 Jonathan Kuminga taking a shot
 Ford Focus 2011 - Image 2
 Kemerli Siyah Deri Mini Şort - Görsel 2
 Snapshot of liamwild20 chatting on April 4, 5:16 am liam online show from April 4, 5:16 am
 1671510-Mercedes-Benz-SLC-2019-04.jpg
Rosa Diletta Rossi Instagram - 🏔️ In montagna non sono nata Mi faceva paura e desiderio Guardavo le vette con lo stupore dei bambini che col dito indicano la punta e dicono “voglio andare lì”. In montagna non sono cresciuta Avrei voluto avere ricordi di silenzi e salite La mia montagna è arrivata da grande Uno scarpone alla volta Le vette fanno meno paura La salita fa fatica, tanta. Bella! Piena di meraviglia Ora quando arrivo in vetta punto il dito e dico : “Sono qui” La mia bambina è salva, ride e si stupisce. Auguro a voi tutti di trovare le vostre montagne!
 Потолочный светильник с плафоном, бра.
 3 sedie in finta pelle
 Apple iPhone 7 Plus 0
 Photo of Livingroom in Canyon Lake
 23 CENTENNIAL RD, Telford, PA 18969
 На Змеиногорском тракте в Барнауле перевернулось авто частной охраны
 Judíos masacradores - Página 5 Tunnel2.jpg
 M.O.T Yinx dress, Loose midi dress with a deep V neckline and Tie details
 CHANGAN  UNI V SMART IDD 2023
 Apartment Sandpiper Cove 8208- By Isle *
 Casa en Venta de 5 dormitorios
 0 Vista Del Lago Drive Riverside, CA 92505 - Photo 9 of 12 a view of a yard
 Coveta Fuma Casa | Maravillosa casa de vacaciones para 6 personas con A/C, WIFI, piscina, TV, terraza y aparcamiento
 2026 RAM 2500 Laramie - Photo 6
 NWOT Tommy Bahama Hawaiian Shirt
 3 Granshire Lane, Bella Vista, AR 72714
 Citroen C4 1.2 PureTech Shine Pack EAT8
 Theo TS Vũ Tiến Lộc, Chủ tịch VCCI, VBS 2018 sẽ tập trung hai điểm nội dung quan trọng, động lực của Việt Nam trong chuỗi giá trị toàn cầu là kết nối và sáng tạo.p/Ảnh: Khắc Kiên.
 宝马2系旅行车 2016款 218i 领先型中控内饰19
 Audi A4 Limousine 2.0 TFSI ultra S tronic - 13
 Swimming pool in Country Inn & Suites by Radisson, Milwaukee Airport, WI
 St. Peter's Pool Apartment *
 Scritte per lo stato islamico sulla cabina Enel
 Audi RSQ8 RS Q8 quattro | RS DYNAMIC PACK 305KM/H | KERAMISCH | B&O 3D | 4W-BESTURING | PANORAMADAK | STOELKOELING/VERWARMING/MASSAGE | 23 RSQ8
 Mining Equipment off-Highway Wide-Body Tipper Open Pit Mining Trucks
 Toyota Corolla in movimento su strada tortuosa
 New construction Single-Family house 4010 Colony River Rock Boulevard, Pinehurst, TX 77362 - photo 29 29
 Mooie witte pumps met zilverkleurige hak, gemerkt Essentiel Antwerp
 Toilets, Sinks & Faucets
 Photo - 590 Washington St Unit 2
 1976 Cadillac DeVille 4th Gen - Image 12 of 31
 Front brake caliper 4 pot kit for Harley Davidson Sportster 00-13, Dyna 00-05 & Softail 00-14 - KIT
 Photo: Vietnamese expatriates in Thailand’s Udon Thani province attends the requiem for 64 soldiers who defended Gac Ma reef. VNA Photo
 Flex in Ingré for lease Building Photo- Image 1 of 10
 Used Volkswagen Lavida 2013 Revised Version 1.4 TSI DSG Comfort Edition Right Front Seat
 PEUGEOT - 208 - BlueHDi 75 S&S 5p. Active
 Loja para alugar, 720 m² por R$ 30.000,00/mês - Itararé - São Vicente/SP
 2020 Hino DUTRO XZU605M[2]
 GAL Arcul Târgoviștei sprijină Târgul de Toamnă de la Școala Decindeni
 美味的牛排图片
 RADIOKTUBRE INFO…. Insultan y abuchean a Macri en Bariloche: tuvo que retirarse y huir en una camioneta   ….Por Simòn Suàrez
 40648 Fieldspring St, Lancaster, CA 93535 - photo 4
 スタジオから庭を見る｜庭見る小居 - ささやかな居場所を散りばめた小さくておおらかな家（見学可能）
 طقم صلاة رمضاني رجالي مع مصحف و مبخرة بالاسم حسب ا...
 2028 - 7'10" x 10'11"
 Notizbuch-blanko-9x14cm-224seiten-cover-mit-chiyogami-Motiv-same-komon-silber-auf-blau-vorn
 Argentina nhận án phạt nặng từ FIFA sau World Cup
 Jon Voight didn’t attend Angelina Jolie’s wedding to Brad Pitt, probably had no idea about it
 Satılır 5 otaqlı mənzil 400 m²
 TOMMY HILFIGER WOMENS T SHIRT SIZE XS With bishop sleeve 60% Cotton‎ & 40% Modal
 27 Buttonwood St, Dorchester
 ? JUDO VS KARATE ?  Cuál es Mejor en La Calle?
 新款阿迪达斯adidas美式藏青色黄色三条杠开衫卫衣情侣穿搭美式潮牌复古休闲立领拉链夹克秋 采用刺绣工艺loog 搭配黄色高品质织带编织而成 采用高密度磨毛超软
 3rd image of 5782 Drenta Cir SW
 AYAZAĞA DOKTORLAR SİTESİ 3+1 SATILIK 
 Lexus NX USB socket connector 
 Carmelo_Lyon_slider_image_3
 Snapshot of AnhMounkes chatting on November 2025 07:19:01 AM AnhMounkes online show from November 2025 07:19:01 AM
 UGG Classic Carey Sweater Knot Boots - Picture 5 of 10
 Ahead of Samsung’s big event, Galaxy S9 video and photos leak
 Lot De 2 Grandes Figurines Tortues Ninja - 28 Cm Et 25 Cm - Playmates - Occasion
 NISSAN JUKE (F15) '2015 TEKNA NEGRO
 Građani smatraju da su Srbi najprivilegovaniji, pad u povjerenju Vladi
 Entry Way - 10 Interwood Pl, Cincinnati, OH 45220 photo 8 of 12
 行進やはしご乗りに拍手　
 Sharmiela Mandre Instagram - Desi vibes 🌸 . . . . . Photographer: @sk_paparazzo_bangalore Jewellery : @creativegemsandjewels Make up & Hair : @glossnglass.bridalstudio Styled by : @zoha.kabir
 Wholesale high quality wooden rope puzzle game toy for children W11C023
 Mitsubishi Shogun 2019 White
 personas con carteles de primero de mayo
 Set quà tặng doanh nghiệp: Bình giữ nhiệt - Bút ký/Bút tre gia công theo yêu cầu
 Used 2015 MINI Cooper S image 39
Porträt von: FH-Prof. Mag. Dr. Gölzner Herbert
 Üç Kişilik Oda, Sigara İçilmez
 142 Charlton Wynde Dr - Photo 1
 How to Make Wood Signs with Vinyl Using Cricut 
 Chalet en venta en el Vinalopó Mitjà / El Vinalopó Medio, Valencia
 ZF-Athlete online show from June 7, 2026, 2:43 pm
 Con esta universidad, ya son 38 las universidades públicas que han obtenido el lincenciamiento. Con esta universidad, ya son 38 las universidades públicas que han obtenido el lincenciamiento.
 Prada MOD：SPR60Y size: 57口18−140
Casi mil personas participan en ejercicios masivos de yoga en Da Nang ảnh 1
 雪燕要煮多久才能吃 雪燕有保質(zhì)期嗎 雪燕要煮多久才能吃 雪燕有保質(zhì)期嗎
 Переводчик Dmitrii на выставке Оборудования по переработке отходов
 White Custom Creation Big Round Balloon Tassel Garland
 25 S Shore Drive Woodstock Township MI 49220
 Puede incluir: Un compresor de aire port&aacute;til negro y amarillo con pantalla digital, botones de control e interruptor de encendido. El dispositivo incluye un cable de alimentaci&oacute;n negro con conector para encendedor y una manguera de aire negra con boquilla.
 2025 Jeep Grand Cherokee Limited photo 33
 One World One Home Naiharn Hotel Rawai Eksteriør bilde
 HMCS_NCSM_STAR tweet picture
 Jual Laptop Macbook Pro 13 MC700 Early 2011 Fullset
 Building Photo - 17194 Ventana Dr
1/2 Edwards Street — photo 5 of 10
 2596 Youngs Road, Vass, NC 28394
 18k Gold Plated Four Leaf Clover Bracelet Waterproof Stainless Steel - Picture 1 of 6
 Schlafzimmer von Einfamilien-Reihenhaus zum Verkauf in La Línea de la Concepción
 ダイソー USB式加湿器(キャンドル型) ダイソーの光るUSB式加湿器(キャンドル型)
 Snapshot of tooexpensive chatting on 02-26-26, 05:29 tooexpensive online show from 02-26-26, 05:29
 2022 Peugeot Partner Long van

EXERCISE AIM:
Beginning at the first line of the records, give again each line exactly as written, ending with the line that contains "Coveta Fuma Casa".

YOUR SOLUTION:
 Jonathan Kuminga taking a shot
 Ford Focus 2011 - Image 2
 Kemerli Siyah Deri Mini Şort - Görsel 2
 Snapshot of liamwild20 chatting on April 4, 5:16 am liam online show from April 4, 5:16 am
 1671510-Mercedes-Benz-SLC-2019-04.jpg
Rosa Diletta Rossi Instagram - 🏔️ In montagna non sono nata Mi faceva paura e desiderio Guardavo le vette con lo stupore dei bambini che col dito indicano la punta e dicono “voglio andare lì”. In montagna non sono cresciuta Avrei voluto avere ricordi di silenzi e salite La mia montagna è arrivata da grande Uno scarpone alla volta Le vette fanno meno paura La salita fa fatica, tanta. Bella! Piena di meraviglia Ora quando arrivo in vetta punto il dito e dico : “Sono qui” La mia bambina è salva, ride e si stupisce. Auguro a voi tutti di trovare le vostre montagne!
 Потолочный светильник с плафоном, бра.
 3 sedie in finta pelle
 Apple iPhone 7 Plus 0
 Photo of Livingroom in Canyon Lake
 23 CENTENNIAL RD, Telford, PA 18969
 На Змеиногорском тракте в Барнауле перевернулось авто частной охраны
 Judíos masacradores - Página 5 Tunnel2.jpg
 M.O.T Yinx dress, Loose midi dress with a deep V neckline and Tie details
 CHANGAN  UNI V SMART IDD 2023
 Apartment Sandpiper Cove 8208- By Isle *
 Casa en Venta de 5 dormitorios
 0 Vista Del Lago Drive Riverside, CA 92505 - Photo 9 of 12 a view of a yard
 Coveta Fuma Casa | Maravillosa casa de vacaciones para 6 personas con A/C, WIFI, piscina, TV, terraza y aparcamiento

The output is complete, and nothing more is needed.